I am suggesting the opposite of the prevailing understanding: that the humanities can be of very high use value, in both public and private life, both short-run and long. How ironic and profoundly sad that they are rejected today, in acts of cultural self-hatred and perverse forms of atonement.

I do not have easy solutions, but suggest we begin a new conversation with the hypothesis as to what the humanities are not. Humanities are not primarily or essentially an established subject matter or body of work, or a universalizable canon. Rather, they first and most essentially indicate a transformative practice that is essential to healthy human life – and in the absence of which our very plastic species drifts off into something else. In the course of such practice surely some works and artifacts would come to stand out and even as a kind of canon. But that definition, with its generosity toward what is effective in specific times and places, is very different from the urge to formulate and legislate a once-and-for-all master list of great works.

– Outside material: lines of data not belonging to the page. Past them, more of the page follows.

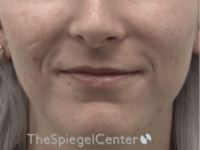 Lip Filler Before & After Gallery - Patient 379481 - Image 1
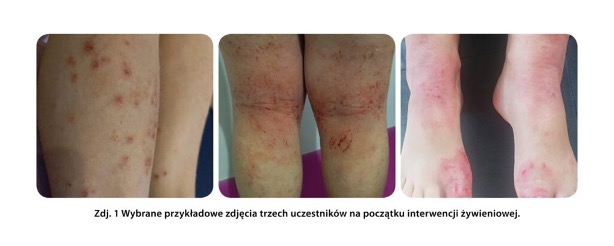 Zdjęcie przed i po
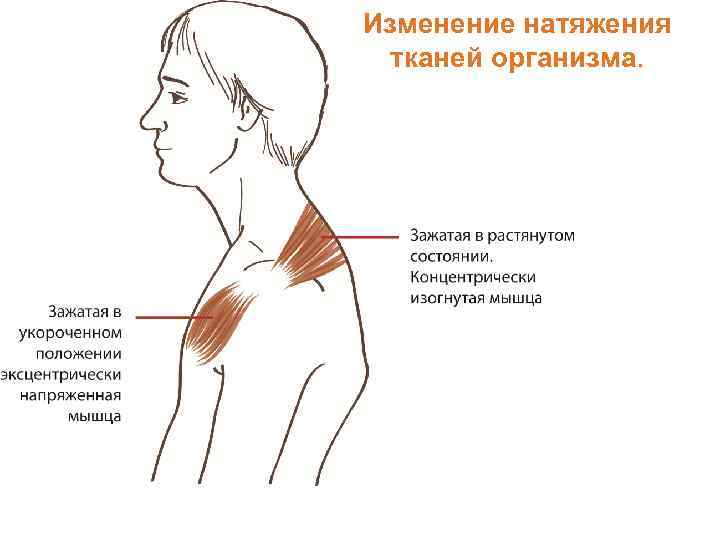 Изменение натяжения тканей организма. 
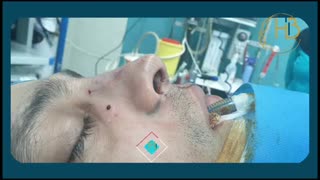 فیلم جراحی پولیپ بینی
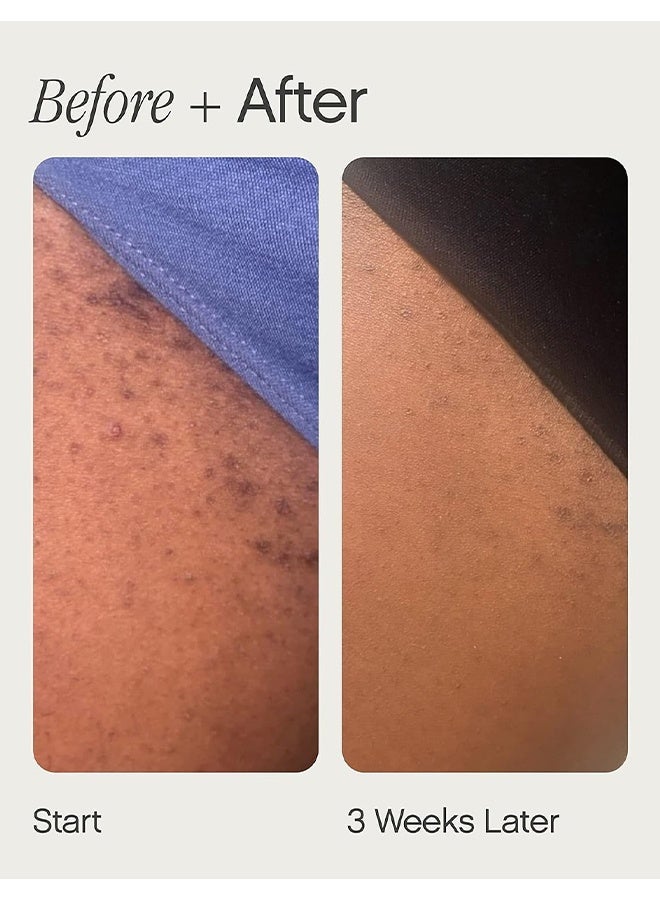 TOPICALS Ingrown Tonic Lolion Tonique Pour Poils Incarnes 50ml, High Roller Ingrown Hair Tonic, Daily Treatment For Razor Bumps, Irritation And Ingrown Hairs, Contains Salicylic And AHAs And BHAs, Suitable For Face And Body - Image 5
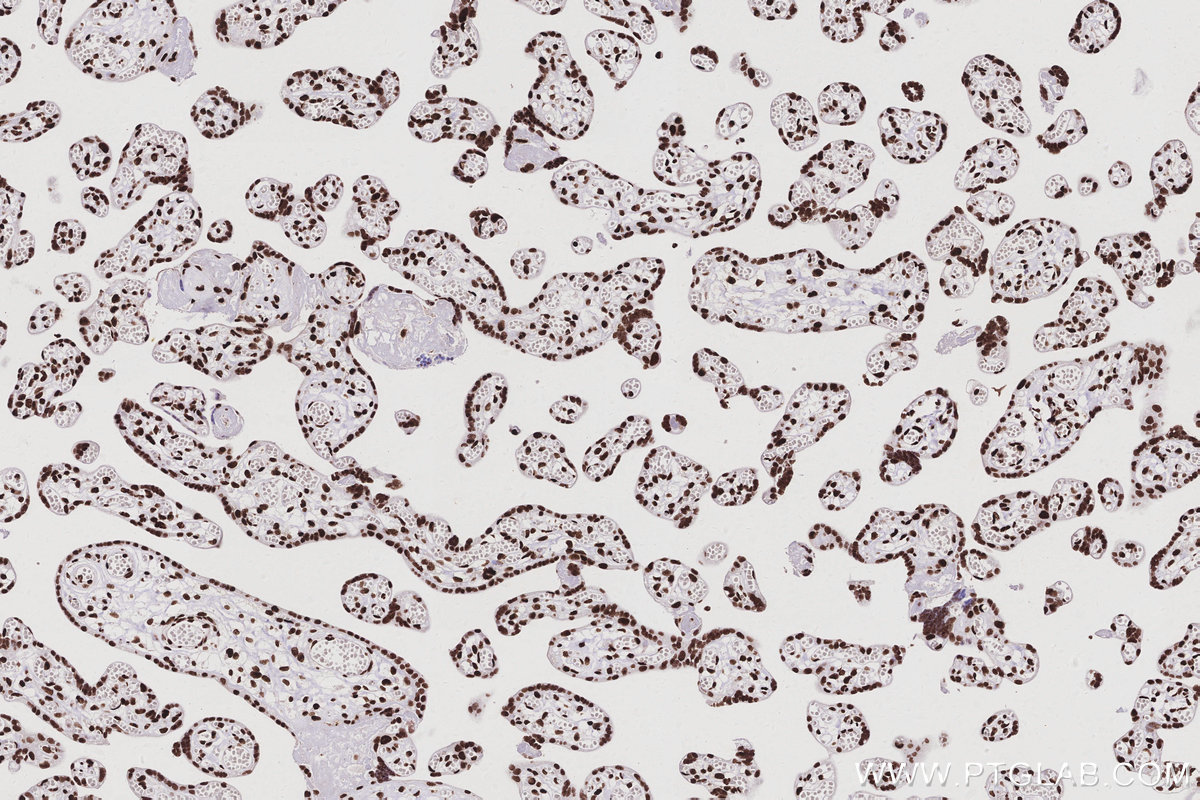 IHC staining of human placenta using 17896-1-AP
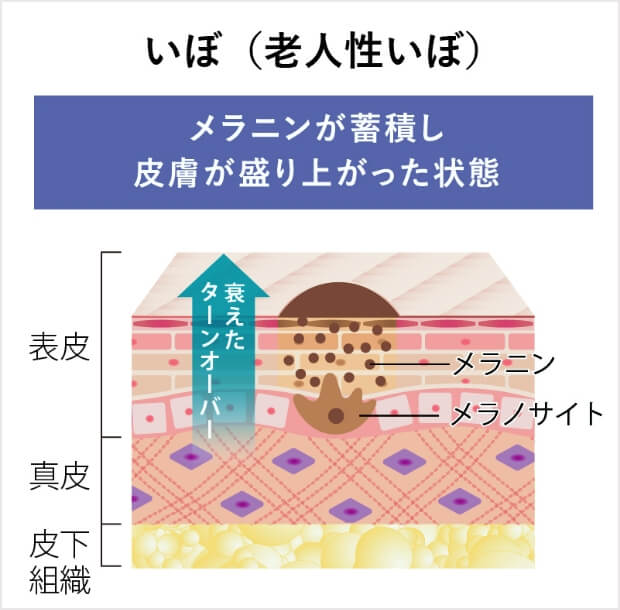 いぼ（老人性いぼ）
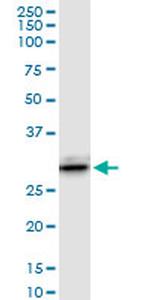 LGALS3 Antibody in Western Blot (WB)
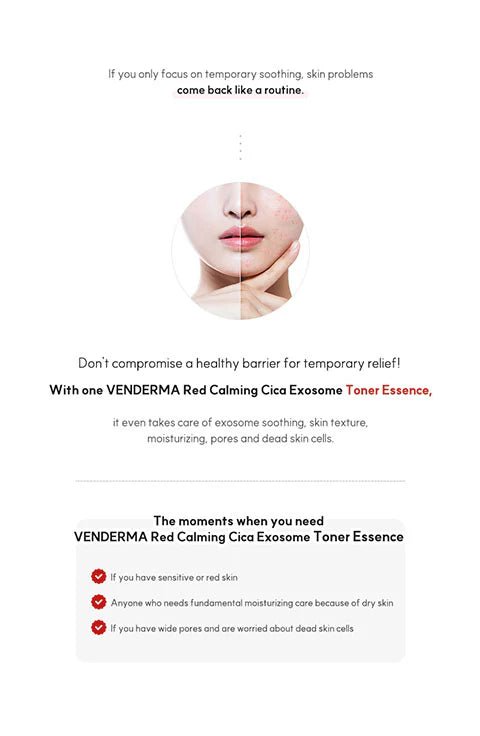 [VENDERMA] Red Calming Cica Exosome Toner Essence (150ml/5.07fl.oz) - Palace Beauty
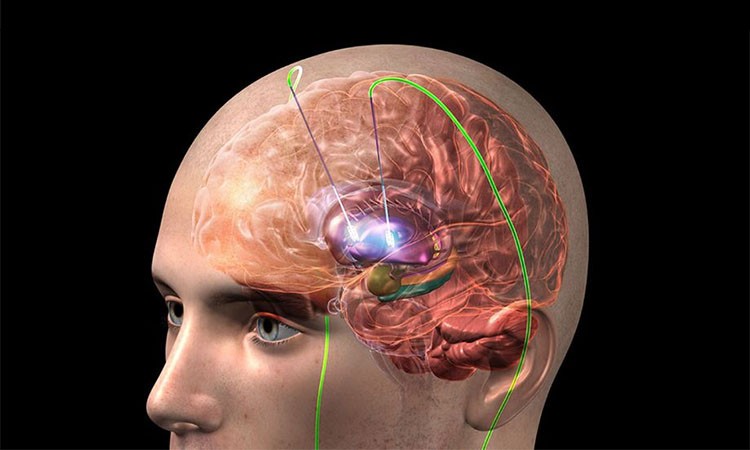 La estimulación cerebral profunda, cirugía para pacientes con Párkinson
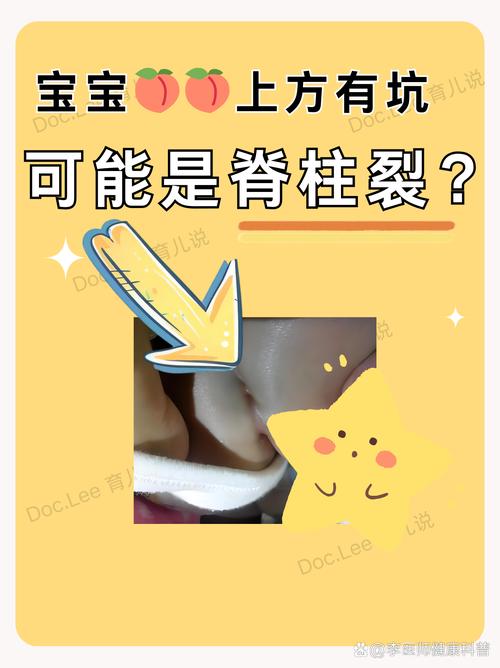 那些看不见的隐性坑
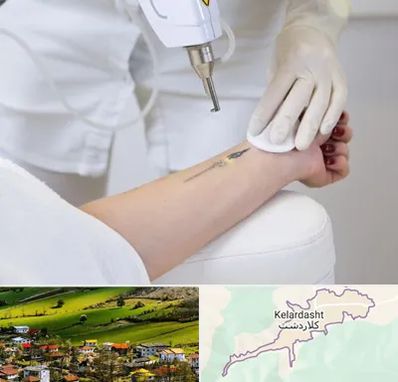 پاک کردن تتو با لیزر در کلاردشت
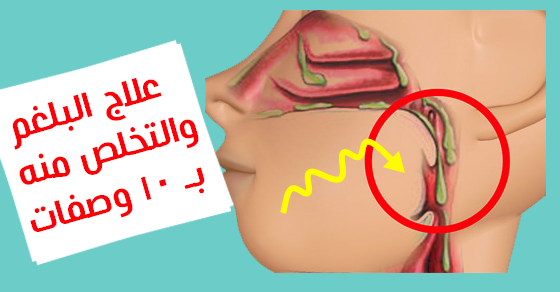 التخلص من البلغم - كيفية طرد البلغم 2113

In the modern democratization of culture humans move from a secondary to a primary relationship to cultural commitments, clearly a development that comes with great dangers, including that of persons who are too overwhelmed to respond with their own agency, broadcasting instead the panic of their ego, and fascist assertion as to what is going on. It is possible, though, that this development might not be as dangerous as it seems. (Possibly the face of that which is passing is more vivid at this time than that which endures and is emerging.)

Let us at least experiment with this way of thinking – and beginning a fresh conversation: that the humanities can be identified as practices guided and shaped by outcomes associated with their efficacy in eliciting mature humanity –an aspiration which energizes many disciplines (as those disciplines had energized cultures in the past, usually through the medium of hierarchical patriarchy). Further, any compassionate and reasonable response to the question of what it means to be life-affirming will lead us to see that the humanities are inherently democratic, not only pluralistic in nature, but also dependent on ongoing and vigorous conversation which turns on our relationship with the ineffables, those mysterious and elusive energies on which our lives depend.